Ordonnance N°23/85
N° RG 23/00091 – N° Portalis DBVH-V-B7H-IWFI
J.L.D. NIMES
28 janvier 2023
X se disant [D]
C/
LE PREFET DU VAR
COUR D’APPEL DE NÎMES
Cabinet du Premier Président
Ordonnance du 30 JANVIER 2023
(Au titre des articles L. 742-4 et L 742-5 du CESEDA)

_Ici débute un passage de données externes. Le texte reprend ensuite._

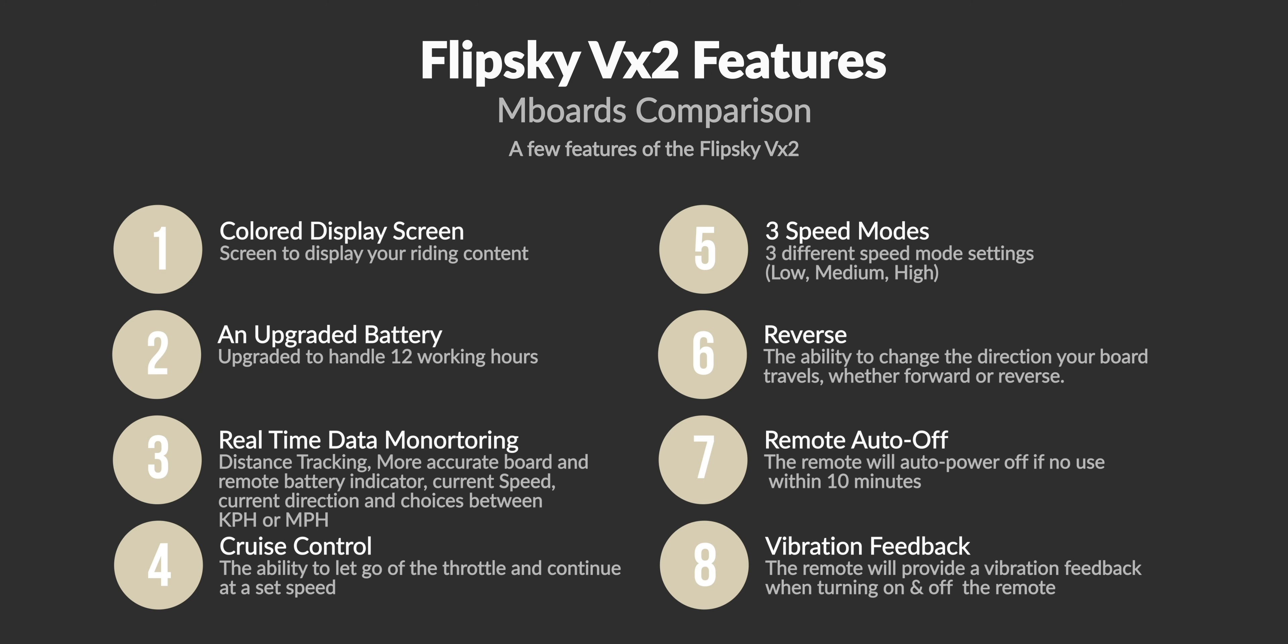Continuing the features of the VX2, which you'll find to be similar to the VX1, are a cruise control function, three different speed modes low, medium, and high, 2.4 GHz radio reception, the board's battery indicator, the remote's battery indicator, a reverse function, remote auto-off if the remote is not in use within 10 minutes, along with vibration feedback.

Nous, Madame Alexandra BERGER, Conseillère à la Cour d’Appel de NÎMES, conseiller désigné par le Premier Président de la Cour d’Appel de NÎMES pour statuer sur les appels des ordonnances des Juges des Libertés et de la Détention du ressort, rendues en application des dispositions des articles L 742-1 et suivants du Code de l’Entrée et du Séjour des Etrangers et du Droit de l’Asile (CESEDA), assisté de Mme Emmanuelle PRATX, Greffière,
Vu l’interdiction du territoire national prononcée le 08 janvier 2020 par la cour d’appel de Toulouse notifiée le même jour, ayant donné lieu à une décision de placement en rétention en date du 28 novembre 2022, notifiée le même jour à 16h40 concernant :
X se disant M. [J] [D]
né le 26 Août 1981 à [Localité 3] (ALGERIE)
de nationalité Algérienne
Vu l’ordonnance en date du 1er décembre 2022 rendue par le Juge des Libertés et de la Détention du Tribunal Judiciaire de Nîmes portant prolongation du maintien en rétention administrative de la personne désignée ci-dessus ;
Vu la requête reçue au Greffe du Juge des Libertés et de la Détention du Tribunal Judiciaire de Nîmes le 27 janvier 2023 à 10h08, enregistrée sous le N°RG 23/00494 présentée par M. le Préfet Var ;
Vu l’ordonnance rendue le 28 Janvier 2023 à 14h09 par le Juge des Libertés et de la Détention du Tribunal de NÎMES sur troisième prolongation, à titre exceptionnel qui a :
* Rejeté les exception de nullité soulevées
* Ordonné pour une durée maximale de 15 jours commençant à l’expiration du précédent délai de 30 jours déjà accordé, le maintien dans les locaux ne relevant pas de l’administration pénitentiaire, de X se disant M. [J] [D];
* Dit que la mesure de rétention prendra fin à l’expiration d’un délai de 15 jours à compter du 27 janvier 2023 à 16h40 ;
Vu l’appel de cette ordonnance interjeté par X se disant M. [J] [D] le 28 Janvier 2023 à 15h50 ;
Vu l’absence du Ministère Public près la Cour d’appel de NIMES régulièrement avisé ;
Vu la présence de Monsieur M. [C] [Y], représentant le Préfet VAR, agissant au nom de l’Etat, désigné pour le représenter devant la Cour d’Appel en matière de Rétention administrative des étrangers, entendu en ses observations ;
Vu la comparution de X se disant M. [J] [D], régulièrement convoqué ;
Vu la présence de Me Annélie DESCHAMPS, avocat de X se disant M. [J] [D] qui a été entendu en sa plaidoirie ;
MOTIFS
Monsieur X se disant [J] [D] a été condamné le 8 janvier 2020 par jugement contradictoire de la Cour d’appel de Toulouse à la peine complémentaire d’interdiction du territoire national pendant cinq ans.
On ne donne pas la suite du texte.